Your complaint that McKinney has made her hairstyle part of her politics is juvenile journalism especially for a fashion editor. All fashion is politics especially in race divided, racist driven commercial America. Have you not noticed that white women's hair has been the standard of femininity and female beauty for the past four centuries – at least since the first slave ship arrived to these shores? Hair in America is not just a hairstyle but a path to defining black women out of the female gender and into the animal kingdom.

If fashion were not part of your politics, then why didn't you rag out Susan Taylor for her braids, sophisticated or not, that have apparently eaten her hairline a mile back from normalcy? No, you wouldn't because you freelance for Essence and you're not about to bite the hand that feeds and coddles you. Plus, Taylor's achievements earn her more respect than such a cheap shot.

I found a 2002 interview on-line in which you proudly proclaim that you were not surprised when you got your present position because "I think highly of myself." And yes, maybe you ought to. But you also have a responsibility to think critically even as a fashion editor. You would not have license from the Post to reduce McKinney to the black mammy of fashion if her politics were popular and mainstream. Your article could easily be a companion to “Birth of a Nation” ridiculing and judging black politicians for a personal appearance that deviates from the white norm.

In the same way that you ought to be respected for your substance and achievement, McKinney is due not less but more as a clear trailblazer of substance not trivia. Clearly, you are open to a stinging critique as the editor of fluff by any culturally conscious and intelligent black person. Your clinging to and advocating white standards of beauty even in your own appearance condemn you, too, as a time dated (pre-civil rights) symbol sporting an expired white woman hairstyle.

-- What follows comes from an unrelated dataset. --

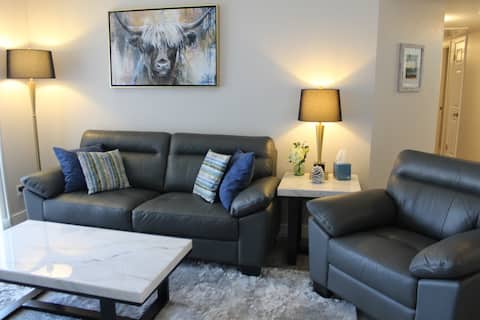 The Desert Rose. Beautiful condo w/balcony.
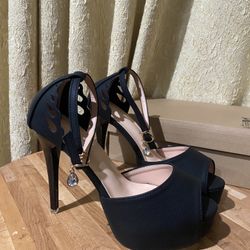 New High Heels Size 39 ( US 7.5-8)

Finally, while I think McKinney can push the envelop politically at times, I fully understand her reaction to the white police grabbing her. I asked several Ph.D. black women colleagues (all over 50, i.e. daughters of segregation) at Howard University what they would do at the building entrance if a white cop grabbed them versus a black one. They all said they would do what McKinney did – recoil, protect themselves including jabbing with a cell phone. Their response to a black officer would be different. This speaks to history not hairstyle.
Ms Givhan, maybe you ought to do an article on what hairstyle the black woman raped by the Duke lacrosse team was wearing. I wonder was she "fashionable," "professional" or wearing the crown of a "washerwoman" who, by the way, sent many a Negro child to college including the ivy league and also deserve respect for what they achieved on their knees.

Fluff and trivia may be your arena, but when you step into politics and history, please try to write critically and respectful of those who have blazed a path for you.

Peace


Like Drs. Williams and Matabane, we support Rep. McKinney without reservations. So does BC reader Ed Rynearson:
Rep. McKinney is a courageous American who asks the questions I want asked on the behalf of myself and millions of other loyal tax paying citizens about the high price of oil, the 9-11 attacks, the muscle flexing at Iran, and related matters. My only recommendation to Ms. McKinney is that she get a Taser so that next time she can put one of those SOB's on the ground where they belong.


While we endorse the spirit of Mr. Rynearson's accessorizing suggestion, it is doubtful that the congresswoman will adopt such a measure any time soon.